Again, if I understand, Qrack's avoidance of Feynman path integrals is largely an intentional design choice: Qrack's quantum state can be queried at any point in its time evolution after the application of any gate, whereas Feynman path integrals calculate an action for each potential time-evolution trajectory, such that this approach might not be queried as immediately stateful "in-flight." However, I see no problem with wrapping time evolution point-to-point trajectory over a circuit in a special interface that does not have an immediately queryable state, even as a temporary layer to wrap the standard QInterface type for limited sequences of gates, then releasing the QInterface, hopefully.

I'll definitely be experimenting with this after a literature search and review, now.

[WrathfulSpatula]

I've just started the literature search, but it looks like our "sparse state vector" can potentially be interpreted as a Feynman path integral approach of sorts. (A very simple, but good, explanation can be found here.) In fact, use of our sparse state vector feature already theoretically benefits from acting gates iterated only over nonzero amplitudes, when they are small enough in number relative to "saturation" of all amplitudes being nonzero.

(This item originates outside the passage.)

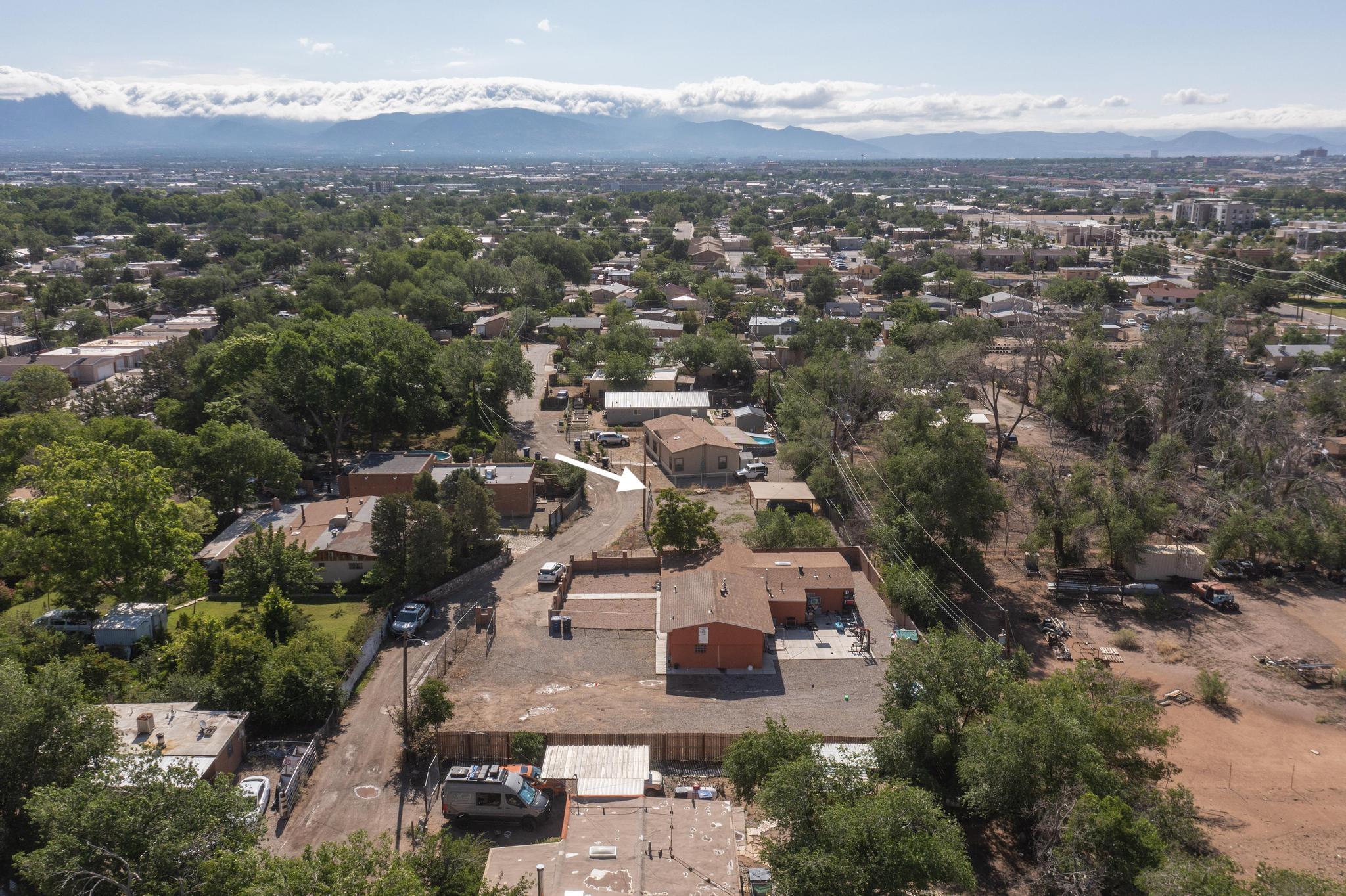 3020 Sioux Street, Albuquerque, New Mexico image 9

An obvious caveat to the use of a sparse state vector is that it is fully "saturated" even by just parallel H gates across every available qubit. However, with QUnit on top of the sparse state vector, the representational separability of a reset qubit register under this operation is fully maintained, and automatic basis switching from |0>/|1> to |+>/|-> does not even "branch" the nonzero amplitudes at this first step!

The obvious limitation of our sparse state vector under the QUnit layer, I know, is that it is not OpenCL-accelerated. However, given that it already synergizes very well with QUnit, perhaps I should make another pass at optimizing it, if not ultimately even porting it to GPGPU.

[twobombs]

Porting the sparse state vector functionality to GPGPU might just help to make the afore mentioned supremacy benchmark almost trivial to run on a run-of-the-mill GPU. It is those optimisations that make QC tech and methods more avaliable, cost effective and for general use. IMHO it is almost boring to 'prove' supremancy because 'it needs a boatload of memory' ( and not compute; what the name in quantum compute otherwise would indicate ) nice article on arxiv indeed. Reasonably good to follow for a noob like me :) I once saw Susskind do a talk about something similar. I'll look it up.

[twobombs]

However, I see no problem with wrapping time evolution point-to-point trajectory over a circuit in a special interface that does not have an immediately queryable state, even as a temporary layer to wrap the standard QInterface type for limited sequences of gates, then releasing the QInterface, hopefully.

I'm very interested at what timescale you think. is this on planck-scale ( simulation style ), real time ( effectively skipping states ), or the abstract T + 1 ?